What if the Iranian government agreed to limit the consequences imposed to financial ones, such as the freezing of bank accounts, loss of employment, or the use of professional bodies to sanction those who speak out or act in ways contrary to state policy, would that be acceptable?

What if it could be proved that the protests were disruptive to the communities where they were located, affected the economy of those living in the region and were negatively impacting the global reputation of the nation’s government, do the Iranian protesters still deserve your protection?

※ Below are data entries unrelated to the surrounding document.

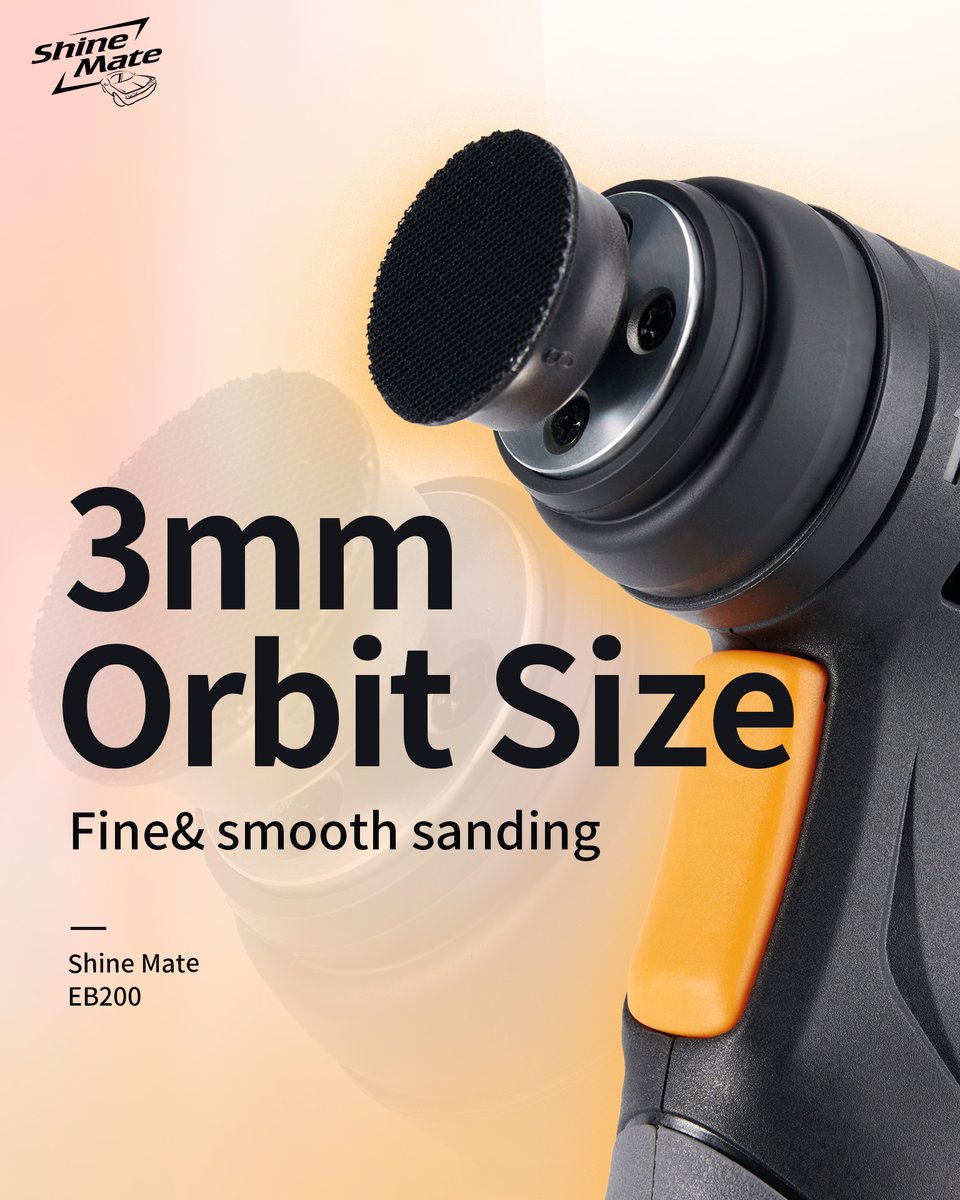 Shinemate1's tweet photo. ShineMate EB200, Cordless Spot Sander 3mm orbit, 40min working time #detailing #polisher #carcare #carwash #shinemate #automotive #powertools #polishing #autodetailing #restoration #paintcorrection #sander #electricsander #sanding https://t.co/cvSjpvuCAo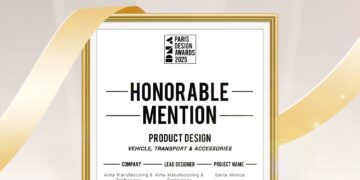 Winning the 2025 Paris DNA Design Award, AIMA’s Santa Monica Electric Bike Empowers E-bike Upgrade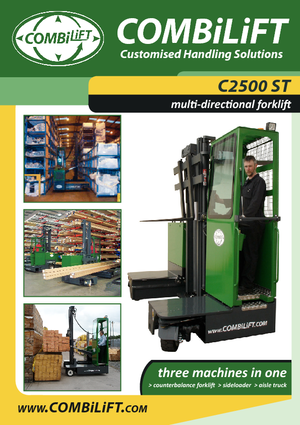 Carrelli multidirezionali elettrici Combi-Lift C 2500 ST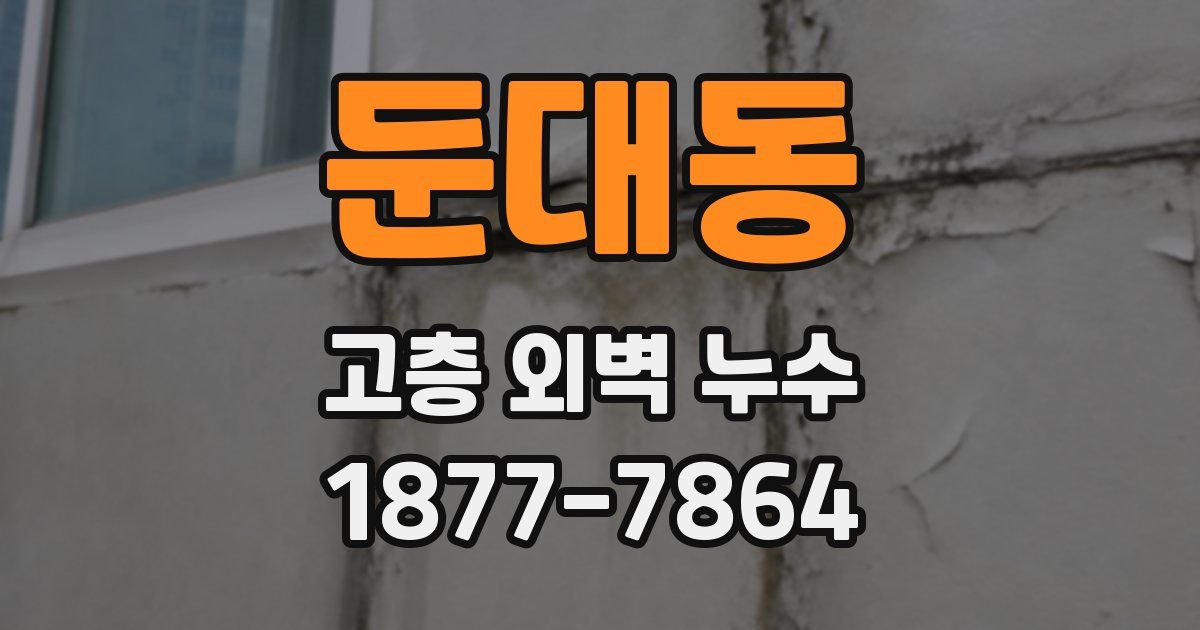 둔대동 고층 외벽 누수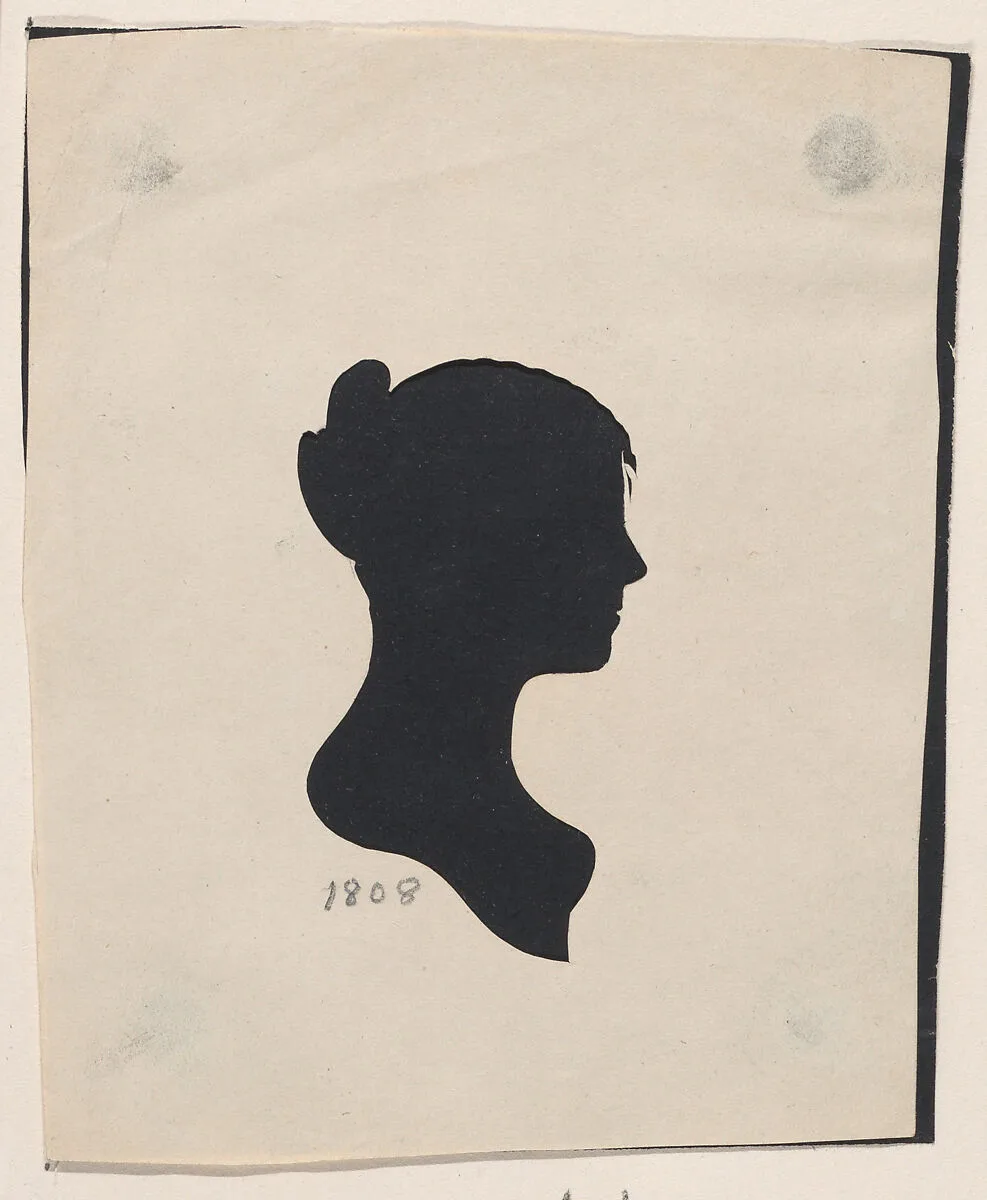 Silhouette of Mrs. Anna Little Peabody — Moses Chapman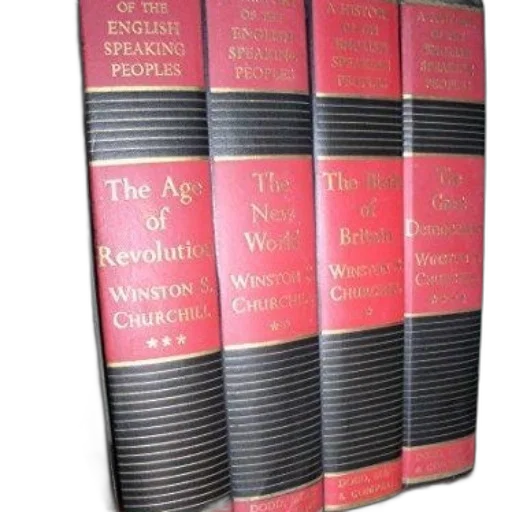 set, four, books, titled transparent PNG cut-out
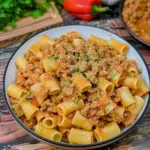 Creamy Rotel Beef Pasta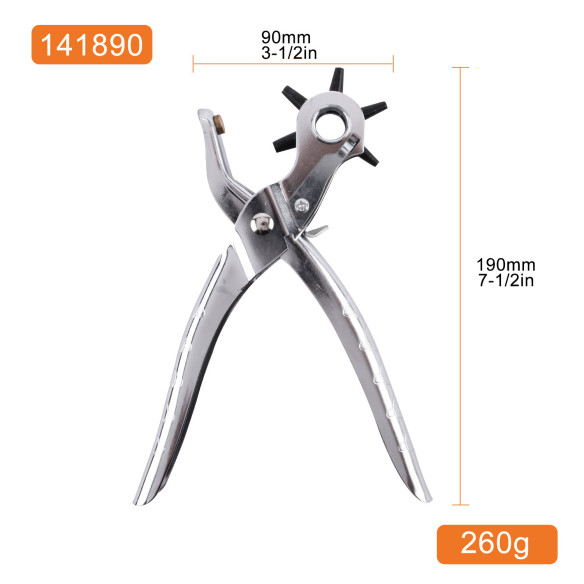 Durable Leather Punch Tool for Precise Hole Punching | KSEIBI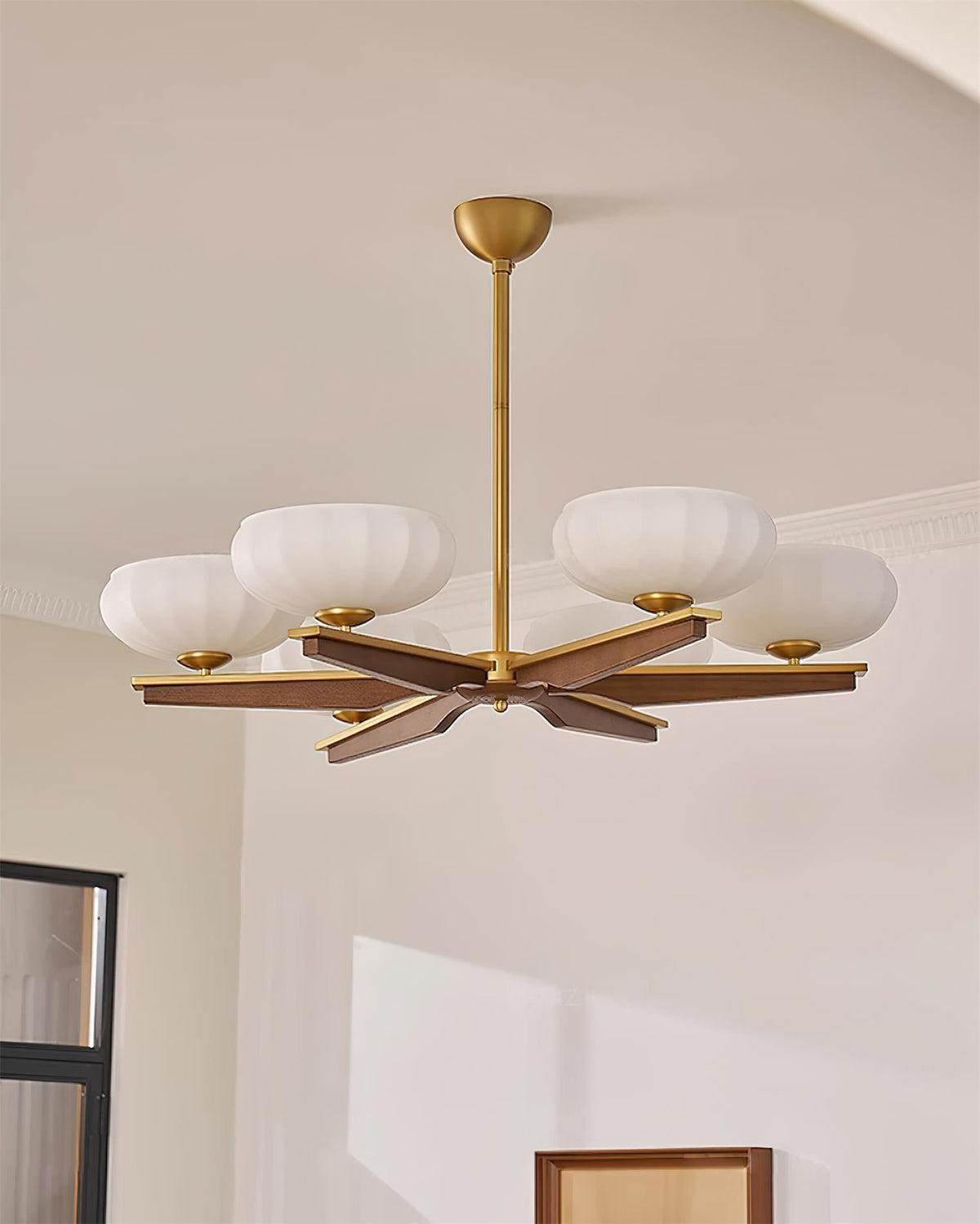 Reya Wood Chandelier — product view 13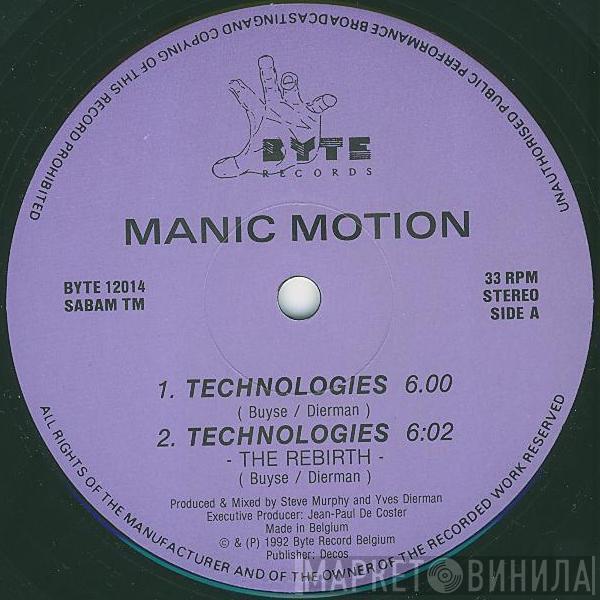 Manic Motion - Technologies / Sidelines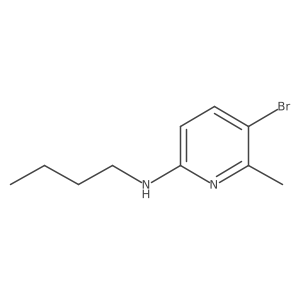 5-Bromo-N-butyl-6-methylpyridin-2-amine结构式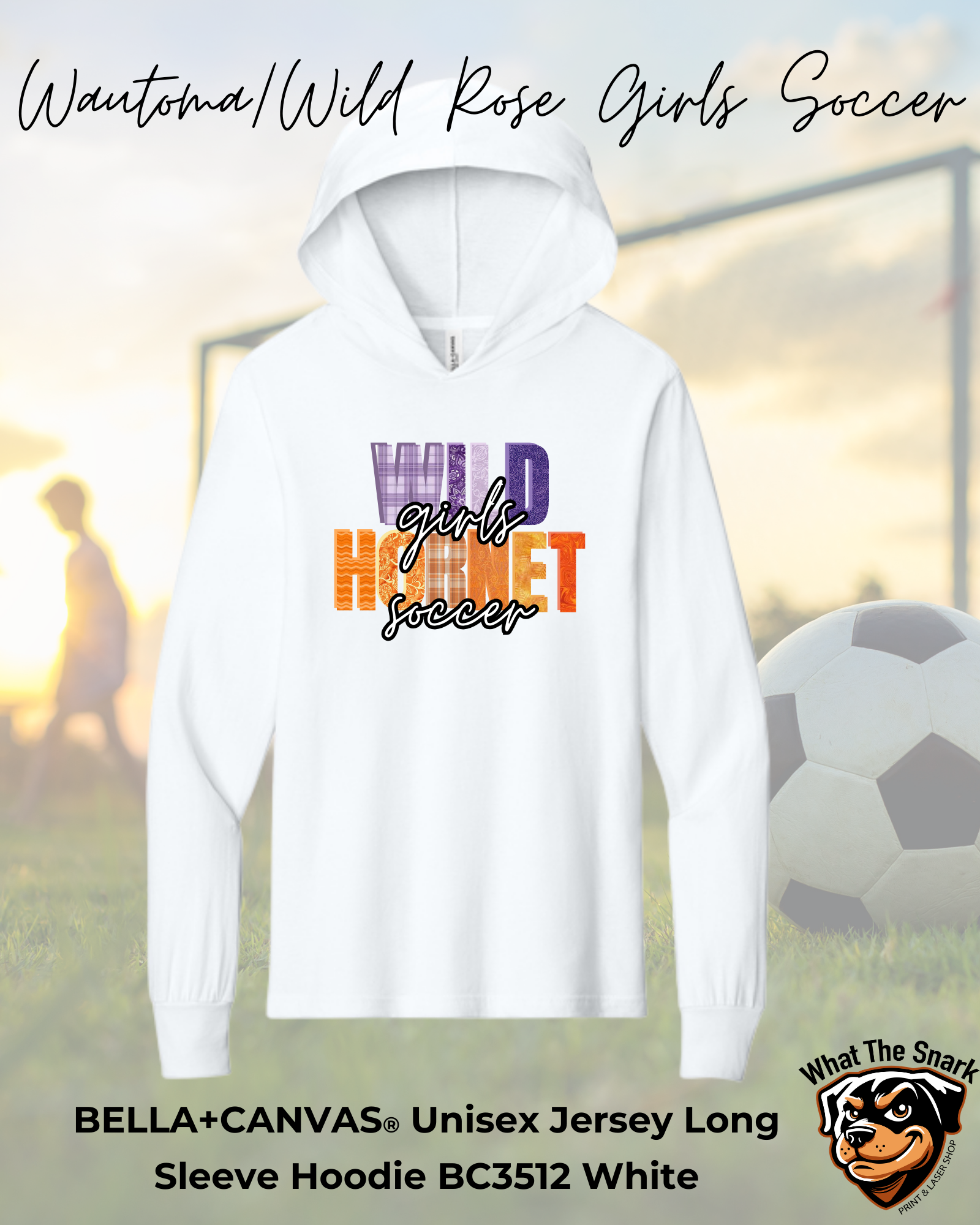WWR Girls Soccer Wild Hornets Quilted Lightweight Hoodie
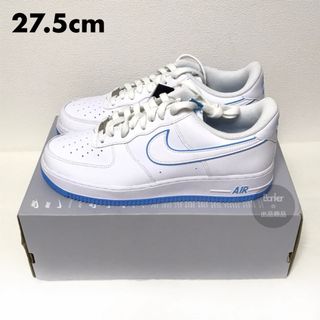 ナイキ(NIKE)の《27.5》NIKE エア フォース 1 '07 AIR ユニバーシティブルー(スニーカー)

What if the Iranian government were suppressing protests in support of equality for the unvaccinated instead of equality for women, would you stand for free speech then?

A government that defends protesters experiencing, what is certainly extreme persecution in foreign nations, while suppressing protests in its own, cannot claim to be champions of liberty and free speech.

Saying, “The Islamic Republic of Iran must stop jailing anyone who wants to voice their opinion” just months after standing silent while your party jailed Tamara Lich and Chris Barber, to name just a few, seems hypocritical at best.

Your support of Iranian protesters makes for a good front page story, but unless you support free speech and protests, even when you disagree with the content and the way it is expressed, then you do not truly support free speech. I am increasingly frightened by the erosion of personal rights and freedoms in Canada.